Provenance refers to information about the source of the data and how it has been processed. Provenance information helps determine the authenticity and quality of data, and it can be used for auditing purposes. Maintaining provenance as large volumes of data are acquired, combined and put through multiple processing stages can be a complex task. At different stages in the analytics lifecycle, data will be in different states due to the fact it may be being transmitted, processed or in storage. These states correspond to the notion of data-in-motion, data-in-use and data-at-rest. Importantly, whenever Big Data changes state, it should trigger the capture of provenance information that is recorded as metadata.

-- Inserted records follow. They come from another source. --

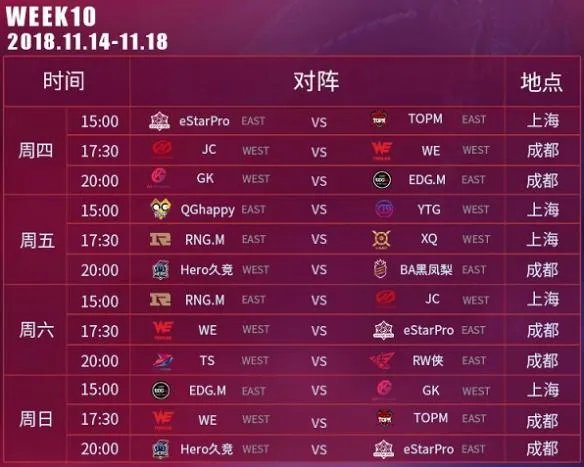 2018kpl秋季赛_2018王者荣耀kpl秋季赛比赛视频_直播_赛程_队伍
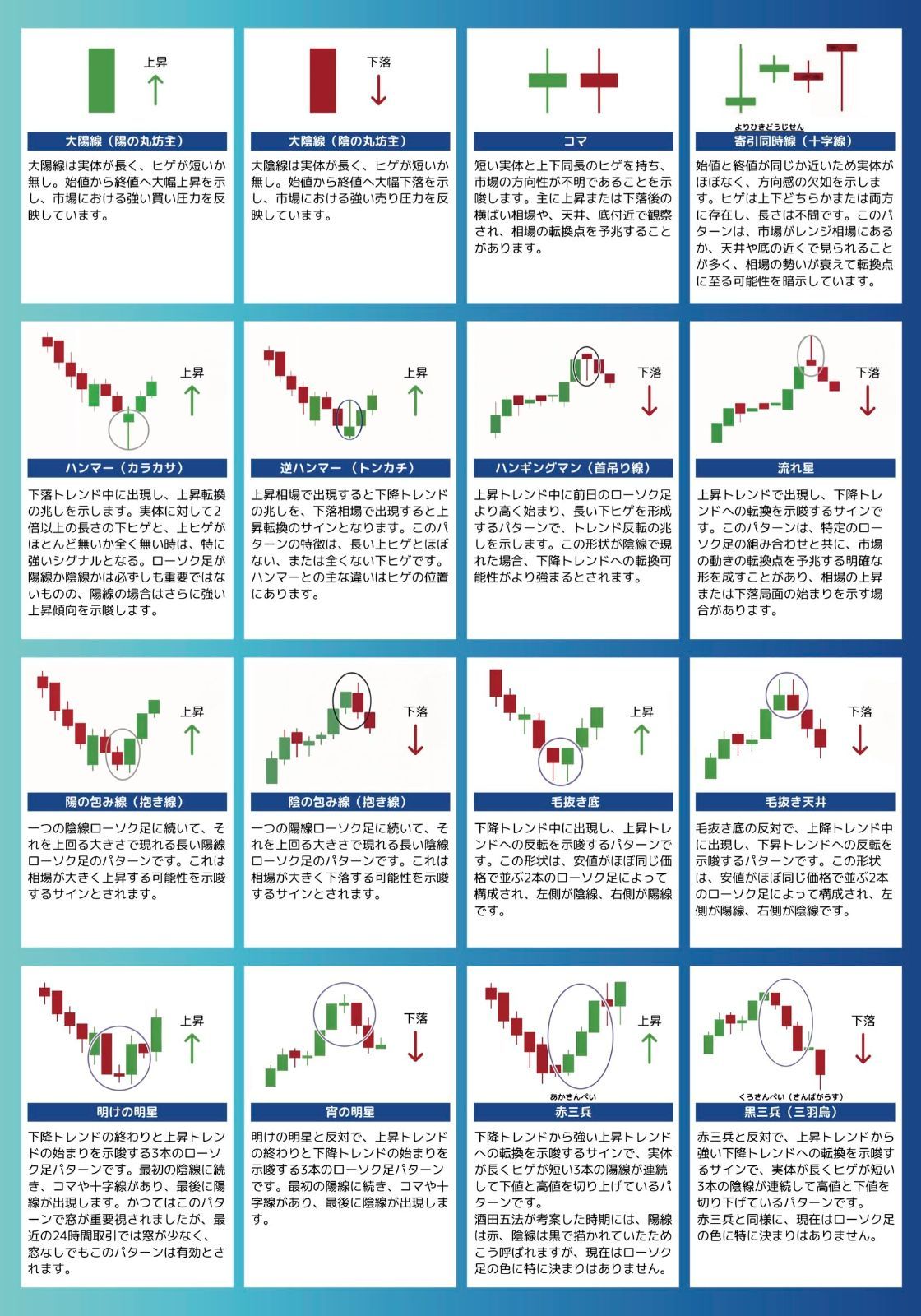 初心者向け FX 投資用語 株式投資 チャート分析 NISA オルカン 初心者向け FX 投資用語 株式投資 チャート分析 NISA オルカン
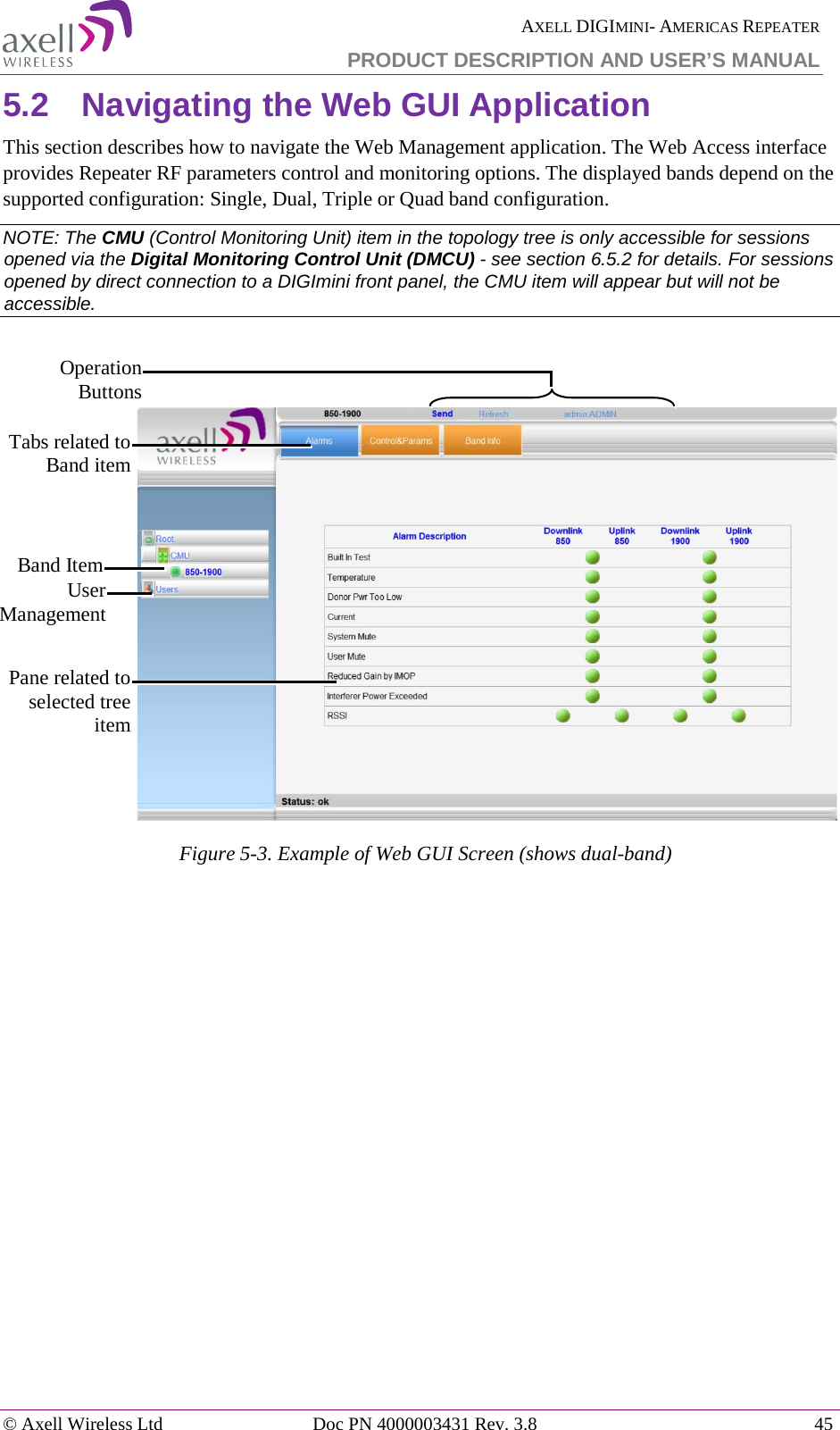  AXELL DIGIMINI- AMERICAS REPEATER PRODUCT DESCRIPTION AND USER’S MANUAL © Axell Wireless Ltd Doc PN 4000003431 Rev. 3.8 45  5.2  Navigating the Web GUI Application  This section describes how to navigate the Web Management application. The Web Access interface provides Repeater RF parameters control and monitoring options. The displayed bands depend on the supported configuration: Single, Dual, Triple or Quad band configuration.   NOTE: The CMU (Control Monitoring Unit) item in the topology tree is only accessible for sessions opened via the Digital Monitoring Control Unit (DMCU) - see section  6.5.2 for details. For sessions opened by direct connection to a DIGImini front panel, the CMU item will appear but will not be accessible.    Figure  5-3. Example of Web GUI Screen (shows dual-band)    Band Item Pane related to selected tree item Operation Buttons  Tabs related to Band item User Management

As data enters the analytic environment, its provenance record can be initialized with the recording of information that captures the pedigree of the data. Ultimately, the goal of capturing provenance is to be able to reason over the generated analytic results with the knowledge of the origin of the data and what steps or algorithms were used to process the data that led to the result. Provenance information is essential to being able to realize the value of the analytic result. Much like scientific research, if results cannot be justified and repeated, they lack credibility. When provenance information is captured on the way to generating analytic results as in Figure 3.3, the results can be more easily trusted and thereby used with confidence.
Figure 3.3 Data may also need to be annotated with source dataset attributes and processing step details as it passes through the data transformation steps.